PROBLEM DETAILS –
The required output is the exact run of lines below that opens at the line with "Women's Multi-Button Collared" and closes at the line with "weiss MARSHMALLOW/blau SMOKING".

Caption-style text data
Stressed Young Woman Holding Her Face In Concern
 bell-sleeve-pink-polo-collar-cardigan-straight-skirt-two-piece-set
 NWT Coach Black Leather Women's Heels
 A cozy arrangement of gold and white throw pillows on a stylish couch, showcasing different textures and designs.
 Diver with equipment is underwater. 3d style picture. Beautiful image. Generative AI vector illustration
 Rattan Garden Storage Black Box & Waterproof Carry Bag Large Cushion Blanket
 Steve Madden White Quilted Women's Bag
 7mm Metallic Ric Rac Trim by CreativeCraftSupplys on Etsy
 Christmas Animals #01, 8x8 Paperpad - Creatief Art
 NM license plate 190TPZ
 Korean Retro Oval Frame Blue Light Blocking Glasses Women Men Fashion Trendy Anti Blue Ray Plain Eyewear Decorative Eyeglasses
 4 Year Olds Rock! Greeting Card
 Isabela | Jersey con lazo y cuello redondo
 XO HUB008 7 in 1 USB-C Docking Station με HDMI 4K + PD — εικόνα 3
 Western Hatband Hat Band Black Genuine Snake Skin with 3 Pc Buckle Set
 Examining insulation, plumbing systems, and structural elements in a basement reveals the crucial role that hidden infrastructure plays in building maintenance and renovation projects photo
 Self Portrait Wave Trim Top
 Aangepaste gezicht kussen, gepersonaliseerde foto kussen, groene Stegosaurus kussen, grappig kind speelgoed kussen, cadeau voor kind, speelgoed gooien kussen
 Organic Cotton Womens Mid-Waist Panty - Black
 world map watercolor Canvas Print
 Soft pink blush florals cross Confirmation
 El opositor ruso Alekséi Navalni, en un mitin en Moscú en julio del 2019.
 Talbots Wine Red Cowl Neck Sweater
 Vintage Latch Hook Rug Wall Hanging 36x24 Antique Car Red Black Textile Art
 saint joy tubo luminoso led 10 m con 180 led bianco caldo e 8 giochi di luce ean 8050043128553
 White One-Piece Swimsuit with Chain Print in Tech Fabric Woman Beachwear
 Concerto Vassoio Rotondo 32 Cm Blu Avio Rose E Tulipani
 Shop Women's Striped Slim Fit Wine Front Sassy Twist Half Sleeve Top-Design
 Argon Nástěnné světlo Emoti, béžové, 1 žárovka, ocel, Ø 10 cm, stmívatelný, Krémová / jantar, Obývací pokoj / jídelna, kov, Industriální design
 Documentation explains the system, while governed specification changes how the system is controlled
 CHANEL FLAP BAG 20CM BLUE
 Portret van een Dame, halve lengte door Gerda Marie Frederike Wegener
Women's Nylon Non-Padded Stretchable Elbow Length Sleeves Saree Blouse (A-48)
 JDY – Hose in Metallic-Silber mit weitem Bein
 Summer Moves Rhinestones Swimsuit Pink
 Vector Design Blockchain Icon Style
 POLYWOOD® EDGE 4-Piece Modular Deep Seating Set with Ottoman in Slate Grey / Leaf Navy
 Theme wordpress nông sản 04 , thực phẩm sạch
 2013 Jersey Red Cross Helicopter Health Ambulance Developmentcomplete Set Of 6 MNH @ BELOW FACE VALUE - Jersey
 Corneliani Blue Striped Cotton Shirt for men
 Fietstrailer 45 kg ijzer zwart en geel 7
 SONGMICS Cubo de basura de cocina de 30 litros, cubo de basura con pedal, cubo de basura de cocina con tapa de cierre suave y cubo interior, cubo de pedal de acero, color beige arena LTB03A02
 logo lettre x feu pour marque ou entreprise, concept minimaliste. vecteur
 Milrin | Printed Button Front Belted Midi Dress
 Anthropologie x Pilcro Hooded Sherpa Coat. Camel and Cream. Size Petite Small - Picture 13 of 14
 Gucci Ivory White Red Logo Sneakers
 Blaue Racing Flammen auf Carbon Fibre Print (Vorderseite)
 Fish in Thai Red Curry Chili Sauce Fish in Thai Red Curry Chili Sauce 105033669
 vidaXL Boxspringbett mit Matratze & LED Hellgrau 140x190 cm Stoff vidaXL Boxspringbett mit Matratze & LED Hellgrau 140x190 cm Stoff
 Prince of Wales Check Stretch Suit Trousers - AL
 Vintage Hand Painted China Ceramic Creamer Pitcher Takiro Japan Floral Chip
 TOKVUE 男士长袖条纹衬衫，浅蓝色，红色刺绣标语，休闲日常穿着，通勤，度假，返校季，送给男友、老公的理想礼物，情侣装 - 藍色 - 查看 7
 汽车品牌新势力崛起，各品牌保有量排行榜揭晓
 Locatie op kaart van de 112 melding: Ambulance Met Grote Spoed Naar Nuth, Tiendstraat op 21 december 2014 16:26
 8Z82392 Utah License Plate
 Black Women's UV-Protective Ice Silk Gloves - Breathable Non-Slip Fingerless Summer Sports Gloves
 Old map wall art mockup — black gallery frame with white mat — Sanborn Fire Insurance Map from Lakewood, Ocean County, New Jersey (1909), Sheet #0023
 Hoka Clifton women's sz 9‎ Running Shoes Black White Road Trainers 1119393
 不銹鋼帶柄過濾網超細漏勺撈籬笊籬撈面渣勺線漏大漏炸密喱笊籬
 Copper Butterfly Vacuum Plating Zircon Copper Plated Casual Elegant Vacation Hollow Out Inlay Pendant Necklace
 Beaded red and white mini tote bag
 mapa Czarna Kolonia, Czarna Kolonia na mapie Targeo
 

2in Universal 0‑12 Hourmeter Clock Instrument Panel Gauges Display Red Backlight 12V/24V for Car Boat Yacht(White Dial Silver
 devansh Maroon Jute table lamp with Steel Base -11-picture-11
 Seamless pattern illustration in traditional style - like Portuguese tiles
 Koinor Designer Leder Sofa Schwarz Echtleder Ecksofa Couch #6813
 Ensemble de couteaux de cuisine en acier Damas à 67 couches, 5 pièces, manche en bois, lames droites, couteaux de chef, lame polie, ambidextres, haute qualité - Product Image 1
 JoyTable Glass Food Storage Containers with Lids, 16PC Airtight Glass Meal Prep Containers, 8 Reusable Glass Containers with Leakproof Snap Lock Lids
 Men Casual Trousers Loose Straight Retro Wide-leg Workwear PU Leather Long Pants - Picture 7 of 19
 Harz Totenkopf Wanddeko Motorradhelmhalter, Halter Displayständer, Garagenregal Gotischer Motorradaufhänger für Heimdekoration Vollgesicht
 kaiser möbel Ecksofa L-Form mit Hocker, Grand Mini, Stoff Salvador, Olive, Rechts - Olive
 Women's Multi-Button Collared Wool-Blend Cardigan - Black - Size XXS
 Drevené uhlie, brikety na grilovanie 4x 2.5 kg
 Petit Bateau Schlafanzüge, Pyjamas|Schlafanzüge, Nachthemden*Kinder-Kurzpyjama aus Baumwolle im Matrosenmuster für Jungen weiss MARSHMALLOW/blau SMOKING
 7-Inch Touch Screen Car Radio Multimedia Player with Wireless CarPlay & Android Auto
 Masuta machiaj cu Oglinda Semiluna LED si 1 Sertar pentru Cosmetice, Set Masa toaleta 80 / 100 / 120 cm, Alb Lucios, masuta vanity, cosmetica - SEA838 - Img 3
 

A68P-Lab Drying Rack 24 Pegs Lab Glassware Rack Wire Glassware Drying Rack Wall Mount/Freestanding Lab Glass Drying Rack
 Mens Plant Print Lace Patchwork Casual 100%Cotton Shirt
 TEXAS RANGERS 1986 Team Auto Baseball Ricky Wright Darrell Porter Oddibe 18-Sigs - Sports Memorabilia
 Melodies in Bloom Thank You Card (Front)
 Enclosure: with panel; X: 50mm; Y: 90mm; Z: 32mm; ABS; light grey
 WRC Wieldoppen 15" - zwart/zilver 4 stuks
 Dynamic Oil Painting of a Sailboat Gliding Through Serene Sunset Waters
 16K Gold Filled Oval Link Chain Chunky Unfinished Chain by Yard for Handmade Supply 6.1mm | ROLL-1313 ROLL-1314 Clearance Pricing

TASK RESPONSE –
 Women's Multi-Button Collared Wool-Blend Cardigan - Black - Size XXS
 Drevené uhlie, brikety na grilovanie 4x 2.5 kg
 Petit Bateau Schlafanzüge, Pyjamas|Schlafanzüge, Nachthemden*Kinder-Kurzpyjama aus Baumwolle im Matrosenmuster für Jungen weiss MARSHMALLOW/blau SMOKING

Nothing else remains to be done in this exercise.